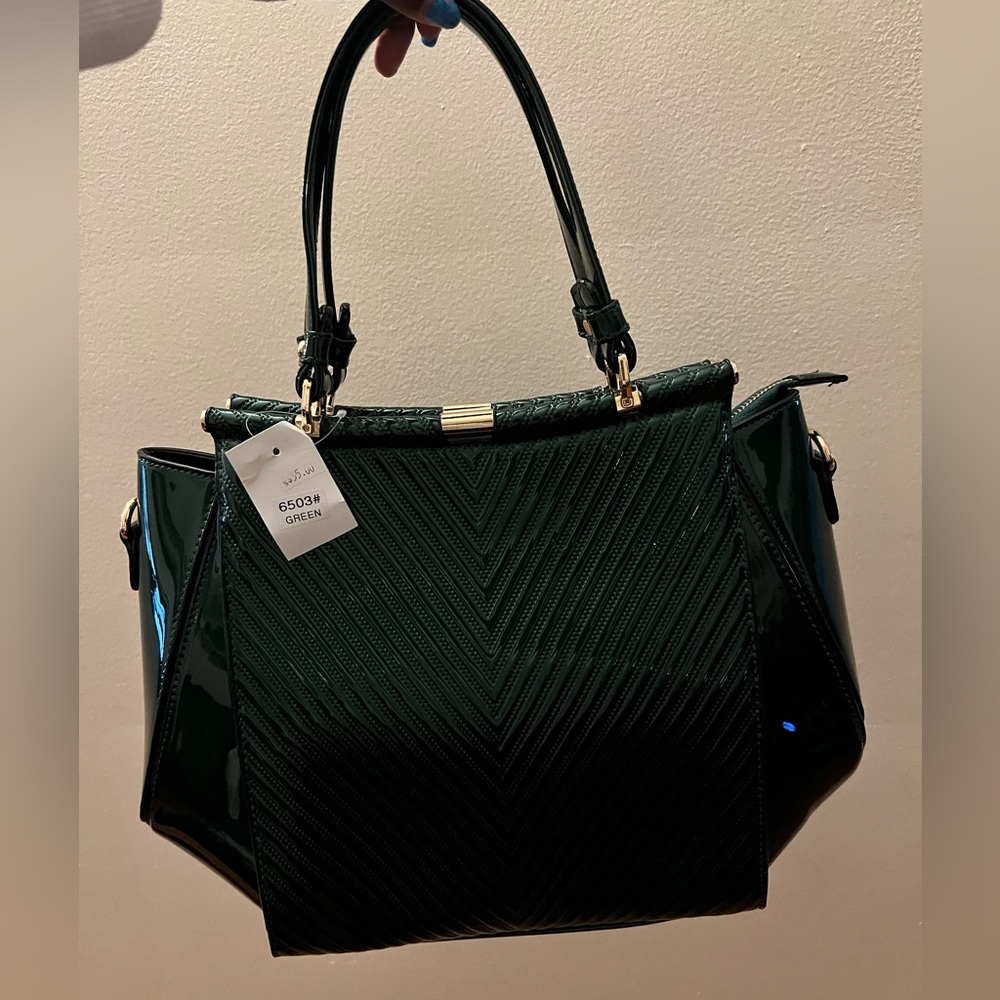 Emerald Green Handbag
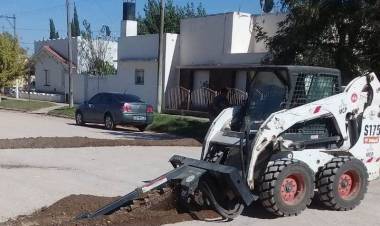 Se iniciaron trabajos de obra pública en Indio Rico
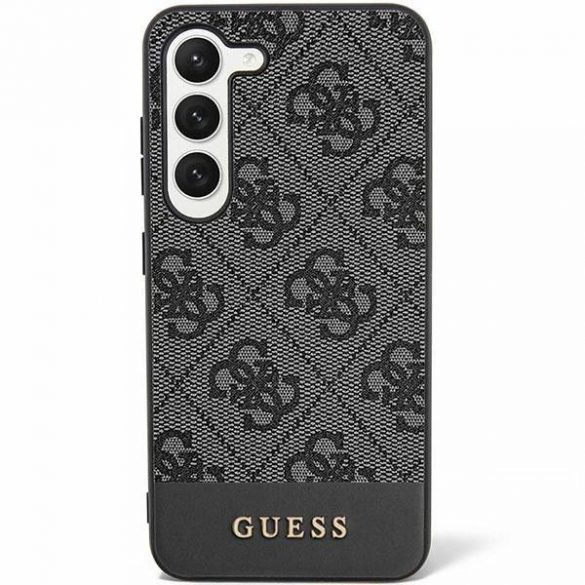 Carcasa originala GUESS GUHCS24MG4GLGR pentru SAMSUNG S24 Plus (4G Bottom Stripe / negru)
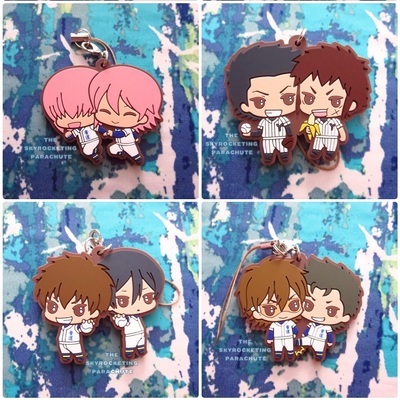 Ace of diamond - rubber strap - miyuki kazuya & kuramochi youichi / sawamura eijun & furuya satoru / sanada shunpei / kominato / narumiya mei -
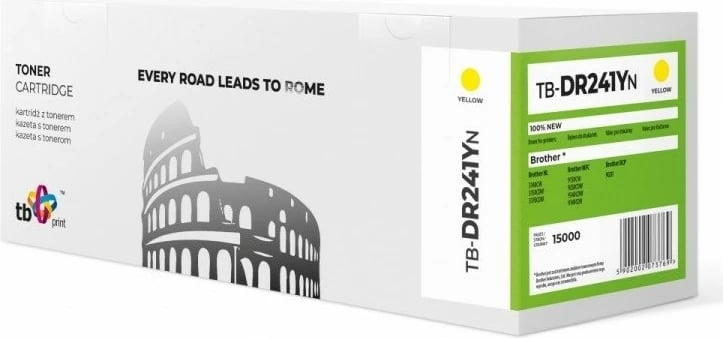 Drum printeri TB Print TB-DR241YN, për Brother, Yellow
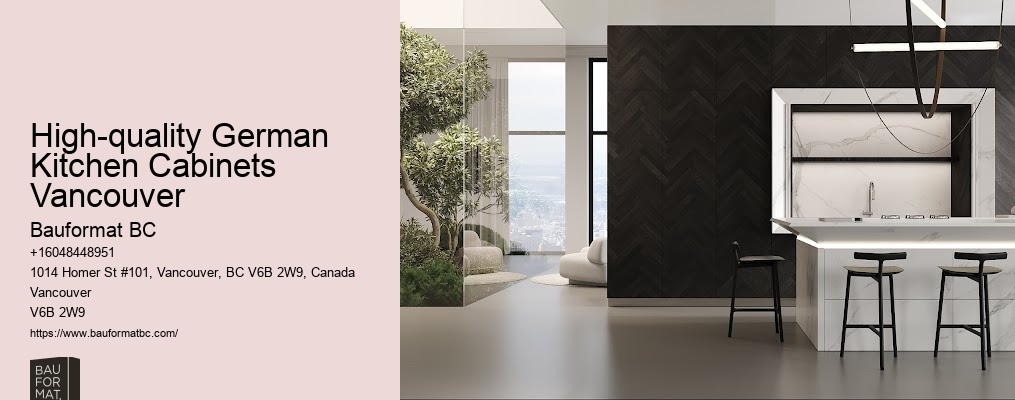 Vancouver's high-end kitchen cabinets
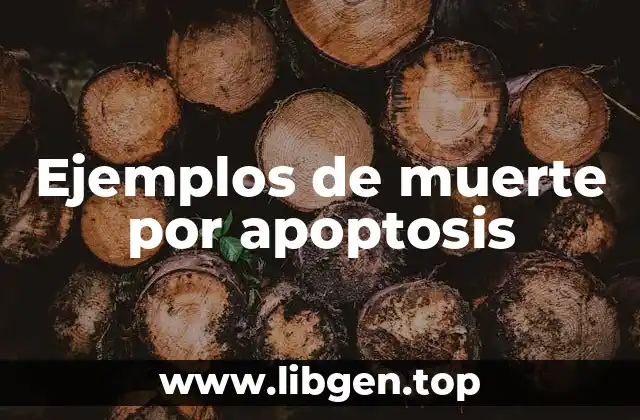 Ejemplos de muerte por apoptosis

------------

_EXERCISE AIM_.
Once the pictures are set aside, give the rest of the listing again exactly.

_SOLUTION TO THIS EXERCISE_.
 Emerald Green Handbag
 Se iniciaron trabajos de obra pública en Indio Rico
 Carcasa originala GUESS GUHCS24MG4GLGR pentru SAMSUNG S24 Plus (4G Bottom Stripe / negru)
 Ace of diamond - rubber strap - miyuki kazuya & kuramochi youichi / sawamura eijun & furuya satoru / sanada shunpei / kominato / narumiya mei -
 Drum printeri TB Print TB-DR241YN, për Brother, Yellow
 Vancouver's high-end kitchen cabinets
 Ejemplos de muerte por apoptosis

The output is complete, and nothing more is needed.